DATASET CONTENT:
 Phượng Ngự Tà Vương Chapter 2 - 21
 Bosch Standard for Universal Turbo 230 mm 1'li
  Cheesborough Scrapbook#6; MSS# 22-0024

==

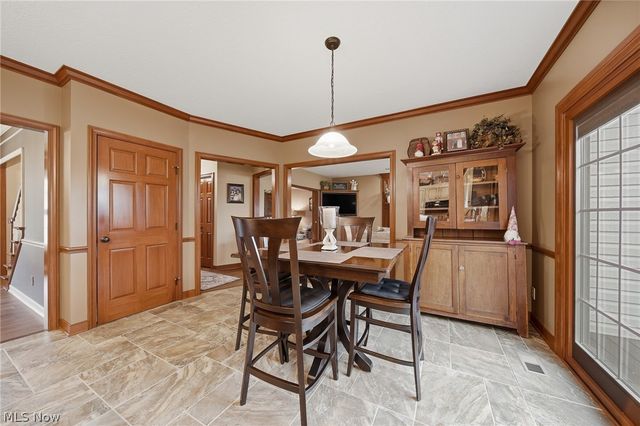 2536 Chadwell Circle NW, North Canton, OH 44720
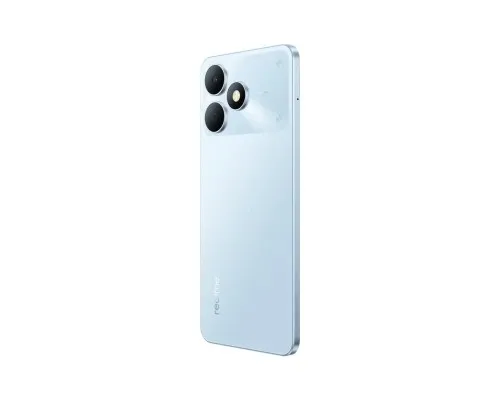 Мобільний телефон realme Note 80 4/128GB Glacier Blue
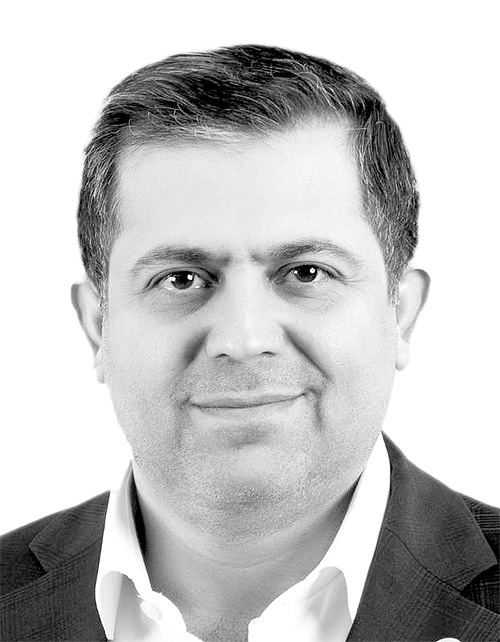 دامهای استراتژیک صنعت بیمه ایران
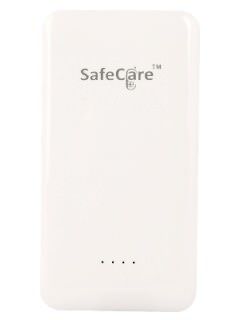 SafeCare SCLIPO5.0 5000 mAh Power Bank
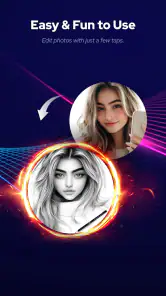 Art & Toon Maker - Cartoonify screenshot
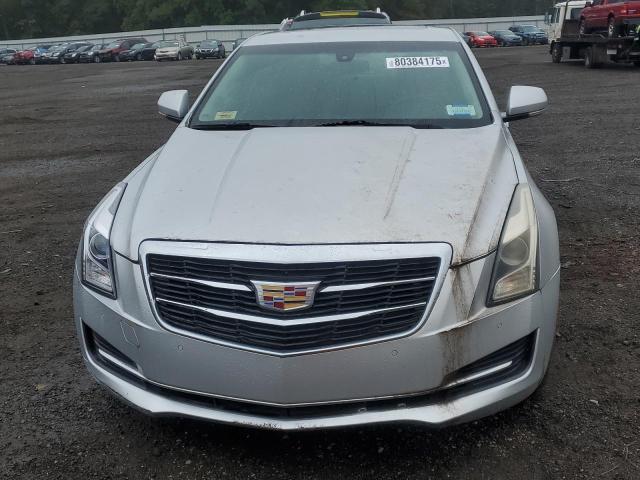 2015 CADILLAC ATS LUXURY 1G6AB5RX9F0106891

WORK ITEM: In the listing above, find the line containing "Art & Toon Maker - Cartoonify screenshot" and the line containing "2015 CADILLAC ATS LUXURY 1G6AB5RX9F0106891", then output those two lines and everything between them exactly as written, without the images.

ANSWER FOR THE TASK:
 Art & Toon Maker - Cartoonify screenshot
 2015 CADILLAC ATS LUXURY 1G6AB5RX9F0106891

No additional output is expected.